In the past year, our dog died and my family has gone into financial ruin. My mom and I have severe anxiety (and she has depression), so I try to help my mom by talking things out with her when she is worried. She’s developed a lot of guilt for the lack of love she feels for my dad, and in turn contemplates a divorce. She has already let my dad know all of this.

My parents’ marriage has always seemed so picture-perfect. This is why I was so surprised to hear what my mom had to say today. My parents never fight (mostly because my dad is super passive) so I wasn’t aware of anything.

I respect both of my parents so much, and I just don’t understand why two good, intelligent, caring people could fall out of love with each other. I don’t know how to approach this situation while I am home from college for the summer. I know I can’t control any part of the situation at hand, but I can’t shake the feeling of helplessness. I wish I could convince my mom to maybe consider the fact that she is going through a very tough time right now, and that maybe she feels that way because of everything else happening at the moment.

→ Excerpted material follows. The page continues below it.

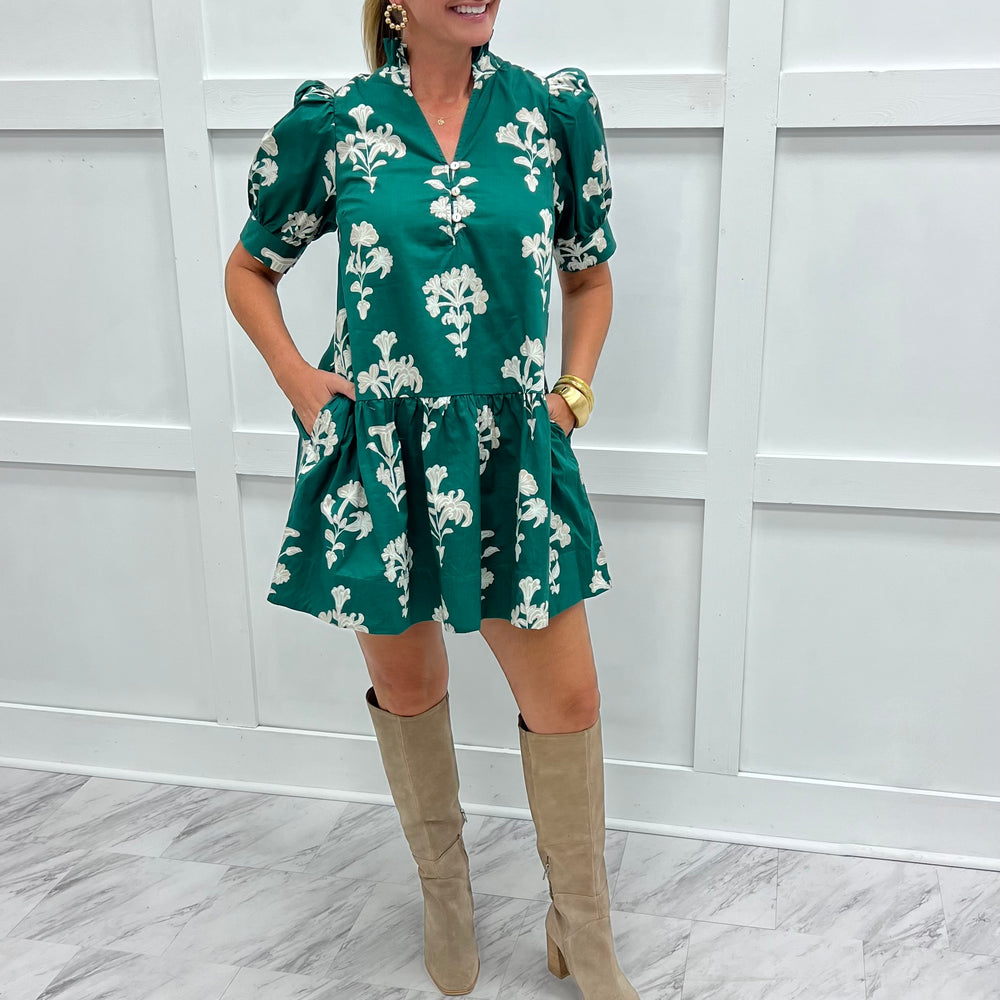 Liliana Green Flower Dress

Sorry, kid. It’s time for a little brutal truth. The only reason your parents aren’t divorced yet is because they can’t afford it.

It’s one thing for your mom to fall out of love with your dad. That happens. People in committed, long-term relationships can fall in and out of love with each other, but once the respect is gone, that’s it. If your mom is capable of effectively communicating to you that she’s lost respect for your dad, the marriage is all but over.

You’re right that your parents are going through a very tough time right now, and they definitely feel the way they do because of everything that is happening at the moment, but that doesn’t mean the damage done to their relationship is reversible, and it certainly isn’t on you to fix it.

Your parents definitely need marriage counseling, but you can’t be their therapist. You are the child in this family, and even though you’re a college-aged adult who has essentially flown the nest, the parent/child dynamic you’ve always known isn’t going to change all that much.

The best thing for you to do is embrace the helplessness you’re feeling right now. In other words, face your fears of your parents’ imminent divorce. By all means, try and get them into couples counseling, but don’t try and be the one to referee or repair their marriage.

Make sure they both know they have your unconditional love, and make sure you know you have theirs as well. Beyond that, you really have to accept the fact that you can’t control the situation.


On plus-ones.

Dear Coquette,

What are your thoughts on getting an invite to a wedding without a plus-one when you’re single, but everyone else who is in a relationship gets to bring their boyfriend/girlfriend/partner?

If a conservative estimate of 25 invitations per wedding go out to singles, who are all given the option of adding a plus-one at an average cost of $200 per head, that’s $5,000 that the bride and groom have to pad into the budget so a bunch of wild cards can show up at their wedding.

Should they have to shell out an extra five grand so their single friends can date at their reception? Hell no. Especially when you consider that bringing a date to a wedding is like bringing sand to the beach.

Just suck it up and do what all the other singles do. Hang with your friends, or find a hottie on the other side of the aisle and get some.